The former number two of Niger’s ruling junta and two other senior officers are being held for plotting against the regime, including elimination of the country’s leader, official sources said yesterday. All three were being questioned by gendarmes in...

The former number two of Niger’s ruling junta and two other senior officers are being held for plotting against the regime, including elimination of the country’s leader, official sources said yesterday.

All three were being questioned by gendarmes in Niamey, while a fourth unnamed officer was being sought, two weeks before the country votes in a referendum to pave the way for the return to civilian rule.

A security source said Colonel Abdoulaye Badie, former deputy to junta chief General Salou Djibou, and Lieutenant Colonel Abdou Sidikou were arrested last Friday after several weeks of surveillance and investigations.

Another source in the president’s office said Colonel Amadou Diallo, a former military prosecutor, was arrested yesterday, the day after being sacked from his job as equipment minister.

“They are accused of attempting to destabilise the regime, a plot they had been hatching for three months,” the security source said. “The project was to go so far as to eliminate” Djibo.
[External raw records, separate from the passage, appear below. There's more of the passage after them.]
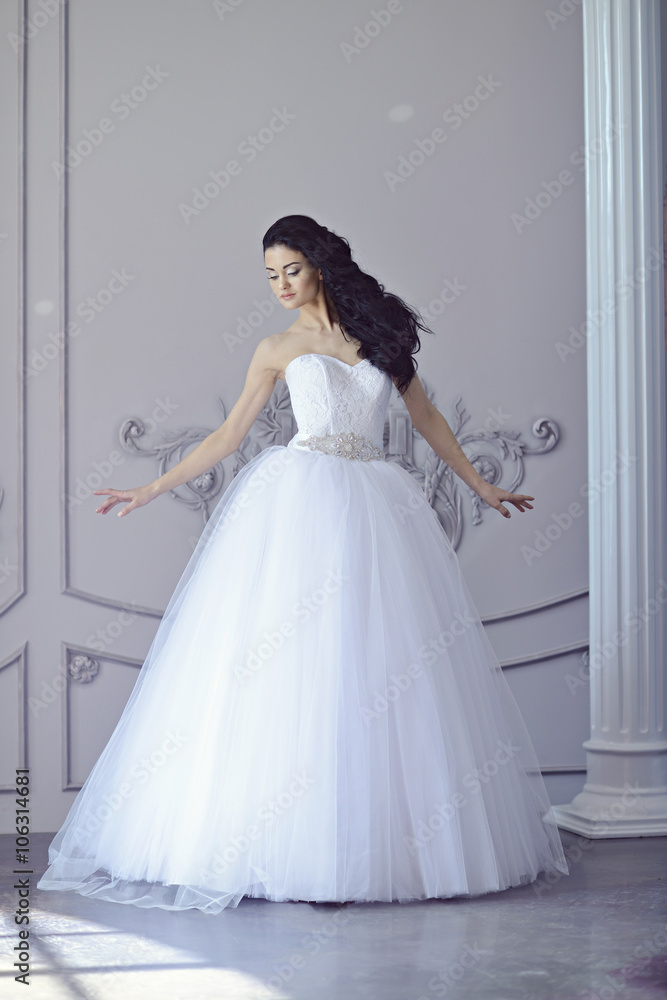 Fototapeta premium Beauty bride in bridal gown indoors. Beautiful model girl in a white wedding dress. Female portrait of cute lady. Woman with hairstyle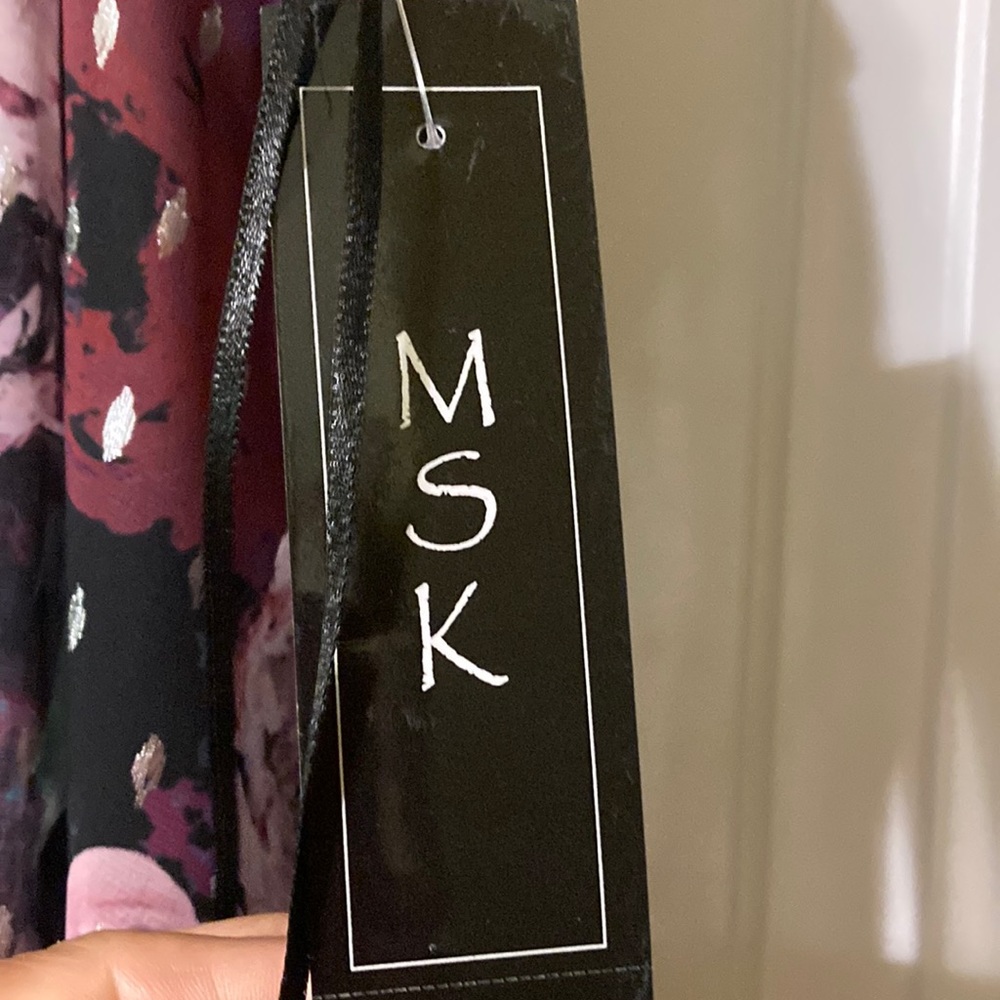 Still has tags never worn halter pants dress women’s size M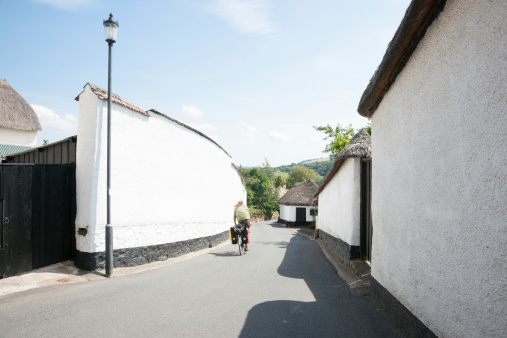 Dunsford, England - July 23, 2013: Narrow English rural village lane with high white walls and cyclist taking advantage of the quiant towns as he passes through.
The source said the aim was to delay the transition to civilian rule, adding that there had been long-running splits within the junta on the length of this period.

“President Djibo will make a speech to the nation next week to explain the situation and calm feelings,” the source said.
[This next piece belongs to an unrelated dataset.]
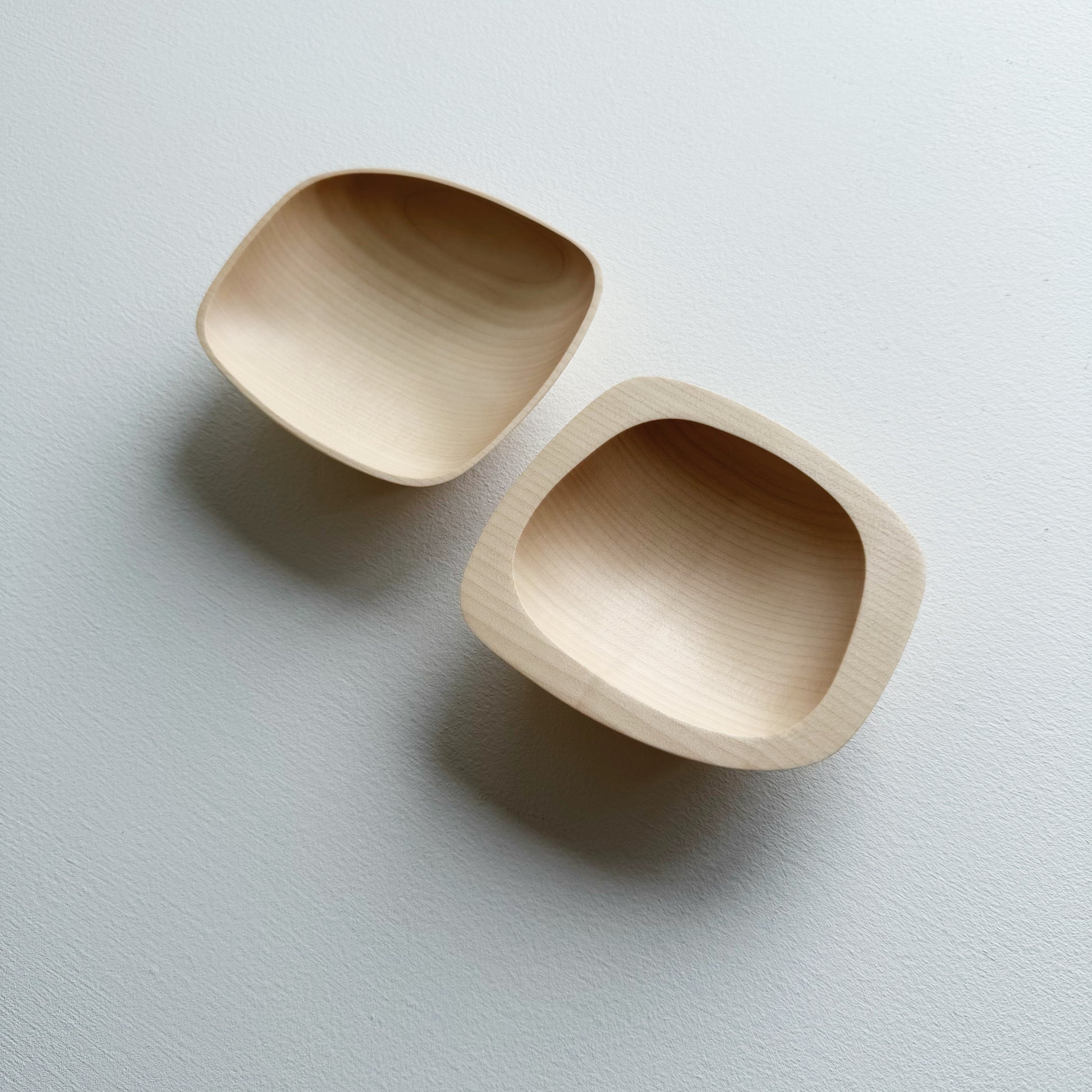 Two curved sycamore plinth bowls on a white background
Djibo, who overthrew civilian president Mamadou Tandja in February, has pledged to hand power to a democratically-elected government.

The transition process is due to kick off on October 31 and culminate with a presidential election on January 31, 2011. The planned handover is set for April 6, 2011, when the new president is due to be sworn in.
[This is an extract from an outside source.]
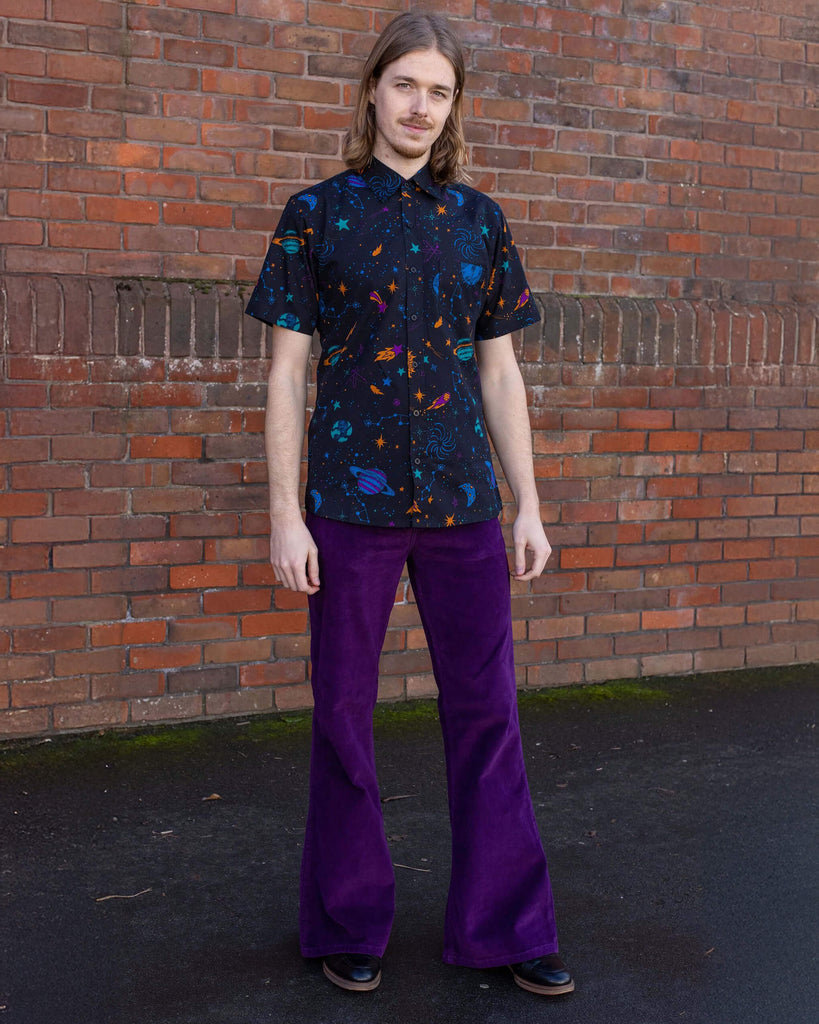 Jack is stood in front of a brick wall wearing the purple corduroy bell bottom flares with the cosmic space shirt and black boots. They are facing forward posing with both arms resting by their side and smiling to camera.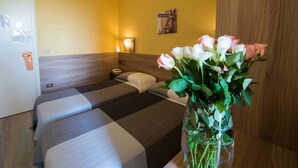 A hotel room with two beds, a vase of flowers, a nightstand, and a wall-mounted lamp. - Hotel Route 9 (Cadeo)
Rumours of a coup have swirled in Niamey over the past few weeks. For several days, the military presence in the capital and its suburbs has been stepped up, with larger patrols, particularly at night.

Evidence of splits within the junta emerged on October 8, when Diallo was removed from his post as military tribunal prosecutor and Sidikou was sacked as commander of the former presidential guard.

Meanwhile the head of the national election commission, Ghousmane Abdourahmane, warned yesterday that the referendum would have to be postponed if more funds were not provided to stage it. He said lack of resources was delaying the issue of voters’ cards and the provision of equipment including ballot boxes.

International aid of $41 million has been pledged to fund the voting process, but Abdourahmane said there were difficulties in obtaining the cash.

The junta won widespread public support after the February coup when it pledged to turn the west African country, which ranks last on the Human Development Index, into a beacon of “good democracy and governance”.

Tandja was ousted by the military after he took a series of steps to prolong his term in office beyond the end of his elected mandate, which was in December last year.

The junta has so far refused to release Tandja, whom it is holding in a villa within the presidential compound.